I watched the anger simmer there day after day, speculated on its source. Speculated on ways I could spend more time with her. Bright dark challenge of a girl. How could I help? What could I do? Went home to Christine, watched the lines around her eyes and between them grow deeper. Watched Emma breeze in and out, her life off and running now, no stopping it like some train until it crashed. Watched Jack explore and learn things I felt I've always known.
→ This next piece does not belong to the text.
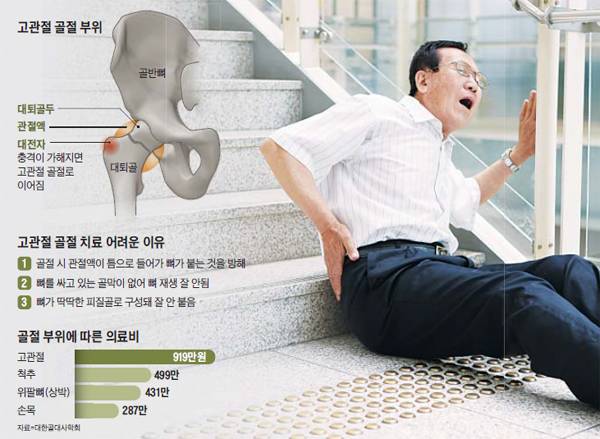 고령에서 흔한 고관절 골절은 뼈가 잘 붙지 않아 수술을 해야 하고 입원 기간이 길어 다른 부위 골절에 비해 의료 비용이 많이 든다. /사진=신지호 헬스조선 기자, 그래픽=송윤혜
Looking forward to my class with Darcy without guilt. Watched her enter the classroom, her books hugged to her chest like armor, head down. Every muscle movement screamed that she was hurt. Hurting. I could kiss all that hurt away. I watched her in that way I've perfected over the years, that way in which no one could tell. My eyes playing over her wavy hair, the delicate cheek bones, the thin line of her neck, collar bones poking at the skin so you wanted to scream, "eat a candy bar!" despite loving the delicateness, the breakable aspect of her.

We were all breakable, though. My marriage had broken me. It sucked at my self worth like some raven haired vampire, taking and taking and never dying. I didn't know it would be like this. Caitlin broke Joey, her endless promises and her endless leaving on good causes. She was not the Julia he was trying to make her be. And Craig broke Joey, being so out of control, so damaged the moment he showed up. And Craig was himself broken, the years of abuse and the death of his parents taking their toll before the diagnosis of bipolar, drug addiction.

So I watched Darcy with my broken eyes and wanted her to turn her eyes to me. To begin to ignite the tiny spark of connection. The years between us hardly mattered. What were years? Time? It always fit into the equation but how? The scientists all said time travel was possible. Maybe I could spin around and find the way, come back and make everything right before it all went so horribly wrong.

Darcy, skinny girl in a square of cold sunlight, her eyes resting for brief seconds on the heads of her classmates, on the plastic corners of the computer screens, on the ceramic apple on my desk. My eyes rested on her.